For those who want to combine a more strenuous hike with a scramble to the top of the butte, you’ll be rewarded with glimpses of the snowcapped High Cascades with rimrock plateaus surrounding Prineville and smaller peaks in the foreground as you hike up. At the top of the butte, you’ll be greeted by 360-degree-views of the caldera. When you’re done hiking, grab some barbecue and a craft brew at Dillon’s Grill or a steak and a cocktail at Club Pioneer, both popular local hangouts.
Venture just east of the caldera to see another volcanic formation near Prineville, the Steins Pillar. You’ll have unobstructed views of this 350 feet tall geological marvel from the Steins Pillar Trail, making it a popular destination for hikers and nature enthusiasts alike.
Three Places for Panoramic Views of the Caldera
An easy way for road-trippers to experience the caldera, the Peter Skene Ogden State Scenic Viewpoint — back in Terrebonne just 5 miles outside of Smith Rock — provides jaw-dropping views into the Crooked River Canyon. Layers of lava rock filled this area about 400,000 years ago, and a canyon was slowly cut into the rock by the river over time. Looking east from the viewpoint affords views of the northwestern edge of the caldera. Gray Butte, with its radio-tower top, sits near the fracture zone where earlier rocks from the John Day and Clarno formations can be seen along the caldera’s northern edge.
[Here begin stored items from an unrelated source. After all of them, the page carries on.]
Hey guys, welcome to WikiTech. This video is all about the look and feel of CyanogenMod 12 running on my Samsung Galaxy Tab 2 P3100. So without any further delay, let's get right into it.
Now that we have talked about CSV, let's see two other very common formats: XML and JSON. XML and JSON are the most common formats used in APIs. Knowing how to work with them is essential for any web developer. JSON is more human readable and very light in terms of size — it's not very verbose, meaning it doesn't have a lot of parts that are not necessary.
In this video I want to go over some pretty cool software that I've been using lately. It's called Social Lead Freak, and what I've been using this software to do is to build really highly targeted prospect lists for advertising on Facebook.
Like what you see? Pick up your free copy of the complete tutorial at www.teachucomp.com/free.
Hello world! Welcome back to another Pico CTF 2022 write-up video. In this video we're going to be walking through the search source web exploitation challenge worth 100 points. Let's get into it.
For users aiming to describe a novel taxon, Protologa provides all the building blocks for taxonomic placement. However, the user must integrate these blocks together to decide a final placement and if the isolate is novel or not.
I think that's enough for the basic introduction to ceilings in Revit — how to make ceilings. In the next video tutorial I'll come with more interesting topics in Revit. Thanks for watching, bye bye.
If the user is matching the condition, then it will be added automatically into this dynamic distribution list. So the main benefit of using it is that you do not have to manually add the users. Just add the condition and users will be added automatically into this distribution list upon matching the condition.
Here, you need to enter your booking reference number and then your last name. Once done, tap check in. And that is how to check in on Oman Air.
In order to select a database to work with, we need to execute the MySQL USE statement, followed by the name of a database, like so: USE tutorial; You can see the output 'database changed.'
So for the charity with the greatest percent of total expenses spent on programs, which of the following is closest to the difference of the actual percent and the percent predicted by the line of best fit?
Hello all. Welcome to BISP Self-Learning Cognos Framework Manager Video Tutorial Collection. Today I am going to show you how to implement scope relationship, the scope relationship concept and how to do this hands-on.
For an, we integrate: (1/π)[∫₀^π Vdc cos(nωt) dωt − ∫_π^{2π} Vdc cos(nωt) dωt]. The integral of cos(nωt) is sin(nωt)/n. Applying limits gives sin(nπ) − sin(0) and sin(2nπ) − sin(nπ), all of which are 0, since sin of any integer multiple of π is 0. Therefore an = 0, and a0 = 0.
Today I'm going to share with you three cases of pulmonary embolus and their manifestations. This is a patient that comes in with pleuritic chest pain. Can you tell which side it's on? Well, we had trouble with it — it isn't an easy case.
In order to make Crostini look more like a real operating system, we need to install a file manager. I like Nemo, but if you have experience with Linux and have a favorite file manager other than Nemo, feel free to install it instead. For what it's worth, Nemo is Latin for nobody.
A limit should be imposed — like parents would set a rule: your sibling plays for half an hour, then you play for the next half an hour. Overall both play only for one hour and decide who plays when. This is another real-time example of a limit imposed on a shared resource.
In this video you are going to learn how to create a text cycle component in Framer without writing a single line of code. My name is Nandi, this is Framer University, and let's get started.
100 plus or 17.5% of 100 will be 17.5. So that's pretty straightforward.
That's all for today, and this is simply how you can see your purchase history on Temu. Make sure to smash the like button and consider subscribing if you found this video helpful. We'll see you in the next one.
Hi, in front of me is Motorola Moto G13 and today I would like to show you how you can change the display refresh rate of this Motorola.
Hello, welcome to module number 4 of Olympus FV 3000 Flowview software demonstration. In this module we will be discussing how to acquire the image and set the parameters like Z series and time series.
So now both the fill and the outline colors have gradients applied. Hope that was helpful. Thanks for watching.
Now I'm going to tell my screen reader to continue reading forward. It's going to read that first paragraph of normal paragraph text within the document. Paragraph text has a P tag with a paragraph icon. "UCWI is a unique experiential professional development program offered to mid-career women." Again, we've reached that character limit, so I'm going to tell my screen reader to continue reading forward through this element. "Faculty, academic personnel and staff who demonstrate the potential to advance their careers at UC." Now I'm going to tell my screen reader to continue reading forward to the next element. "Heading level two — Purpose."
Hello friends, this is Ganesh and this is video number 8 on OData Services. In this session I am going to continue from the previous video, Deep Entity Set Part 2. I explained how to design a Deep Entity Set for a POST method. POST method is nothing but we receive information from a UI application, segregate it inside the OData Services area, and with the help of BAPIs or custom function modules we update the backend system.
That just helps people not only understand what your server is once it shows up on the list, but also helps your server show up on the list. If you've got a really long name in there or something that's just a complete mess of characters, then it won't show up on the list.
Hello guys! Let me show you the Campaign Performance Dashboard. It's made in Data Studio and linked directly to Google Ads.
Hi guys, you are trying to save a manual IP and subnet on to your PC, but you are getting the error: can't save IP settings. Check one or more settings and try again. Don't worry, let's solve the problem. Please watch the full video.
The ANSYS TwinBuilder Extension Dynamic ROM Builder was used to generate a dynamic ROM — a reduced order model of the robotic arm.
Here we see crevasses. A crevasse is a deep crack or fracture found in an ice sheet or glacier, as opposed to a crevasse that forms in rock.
Want to get into the heart of the caldera? At Ochoco Wayside State Scenic Viewpoint, located about a mile west from Prineville, you can stand on top of a lava plateau at its center and take in the panoramic views. A 1,000-foot layer of tuff engulfs the city of Prineville, visible below the viewpoint, and volcanic domes mark the caldera’s boundaries in all directions. Look north and you’ll see the recognizable profiles of Smith Rock and Grizzly Mountain — the largest of the caldera’s rhyolite domes.
To take in an expansive view of the caldera, McClaughry recommends Pilot Butte State Scenic Viewpoint in Bend. Take one of two routes that climb about 450 vertical feet to the top of the 4,141-foot extinct cinder cone that erupted about 188,000 years ago. There’s a mile-long nature trail hike and a paved, seasonal Summit Road — open April 15 through Nov. 1 — which spirals up at roughly the same distance. From the top, the entire eastern skyline is filled by the caldera and the rhyolite domes that encircle it. To the west are stunning views of the much younger Cascades peaks of the Three Sisters, Three Fingered Jack and Mt. Jefferson.